● **Work required**: Look through the entries for the string "allows" and copy every line where it shows up.

BEGIN Exercise data

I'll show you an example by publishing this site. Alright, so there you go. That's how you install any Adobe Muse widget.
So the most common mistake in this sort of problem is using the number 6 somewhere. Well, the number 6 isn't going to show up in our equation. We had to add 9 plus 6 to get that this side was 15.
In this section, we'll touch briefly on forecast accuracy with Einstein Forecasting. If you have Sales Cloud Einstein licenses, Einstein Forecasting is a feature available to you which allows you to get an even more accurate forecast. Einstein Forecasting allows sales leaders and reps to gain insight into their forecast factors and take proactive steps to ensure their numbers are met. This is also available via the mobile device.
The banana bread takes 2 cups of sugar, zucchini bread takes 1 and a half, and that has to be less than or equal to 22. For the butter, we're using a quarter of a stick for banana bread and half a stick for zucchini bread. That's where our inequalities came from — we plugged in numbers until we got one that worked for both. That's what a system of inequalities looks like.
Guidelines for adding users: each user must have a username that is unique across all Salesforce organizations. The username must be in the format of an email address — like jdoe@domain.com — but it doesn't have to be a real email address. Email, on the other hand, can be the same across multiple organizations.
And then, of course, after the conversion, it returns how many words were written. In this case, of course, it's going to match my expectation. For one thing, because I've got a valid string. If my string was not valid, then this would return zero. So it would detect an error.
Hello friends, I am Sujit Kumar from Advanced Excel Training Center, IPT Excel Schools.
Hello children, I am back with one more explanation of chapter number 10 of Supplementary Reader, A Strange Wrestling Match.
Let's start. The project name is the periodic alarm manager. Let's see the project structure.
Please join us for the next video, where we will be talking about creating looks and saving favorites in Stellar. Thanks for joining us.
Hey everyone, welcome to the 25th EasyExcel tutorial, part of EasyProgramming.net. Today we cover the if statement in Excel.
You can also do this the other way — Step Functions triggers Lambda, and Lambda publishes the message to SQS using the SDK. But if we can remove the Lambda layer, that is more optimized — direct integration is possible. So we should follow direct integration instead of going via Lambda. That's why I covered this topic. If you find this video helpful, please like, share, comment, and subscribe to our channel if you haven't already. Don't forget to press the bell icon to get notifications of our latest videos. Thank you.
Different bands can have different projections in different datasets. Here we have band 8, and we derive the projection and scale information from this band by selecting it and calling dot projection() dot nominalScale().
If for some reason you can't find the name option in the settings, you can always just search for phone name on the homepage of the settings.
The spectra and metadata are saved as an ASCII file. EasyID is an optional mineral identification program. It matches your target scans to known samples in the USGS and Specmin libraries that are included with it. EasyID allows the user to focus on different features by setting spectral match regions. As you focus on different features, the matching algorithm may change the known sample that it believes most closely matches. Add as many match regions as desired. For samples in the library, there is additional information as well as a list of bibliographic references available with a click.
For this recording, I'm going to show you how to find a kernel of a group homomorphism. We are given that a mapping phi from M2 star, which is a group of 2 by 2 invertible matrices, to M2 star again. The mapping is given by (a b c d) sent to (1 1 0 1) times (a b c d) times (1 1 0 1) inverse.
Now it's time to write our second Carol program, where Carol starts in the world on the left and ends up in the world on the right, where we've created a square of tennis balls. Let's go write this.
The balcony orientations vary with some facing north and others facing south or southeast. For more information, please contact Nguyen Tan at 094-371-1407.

END Exercise data

● **Response to the exercise**:
In this section, we'll touch briefly on forecast accuracy with Einstein Forecasting. If you have Sales Cloud Einstein licenses, Einstein Forecasting is a feature available to you which allows you to get an even more accurate forecast. Einstein Forecasting allows sales leaders and reps to gain insight into their forecast factors and take proactive steps to ensure their numbers are met. This is also available via the mobile device.
The spectra and metadata are saved as an ASCII file. EasyID is an optional mineral identification program. It matches your target scans to known samples in the USGS and Specmin libraries that are included with it. EasyID allows the user to focus on different features by setting spectral match regions. As you focus on different features, the matching algorithm may change the known sample that it believes most closely matches. Add as many match regions as desired. For samples in the library, there is additional information as well as a list of bibliographic references available with a click.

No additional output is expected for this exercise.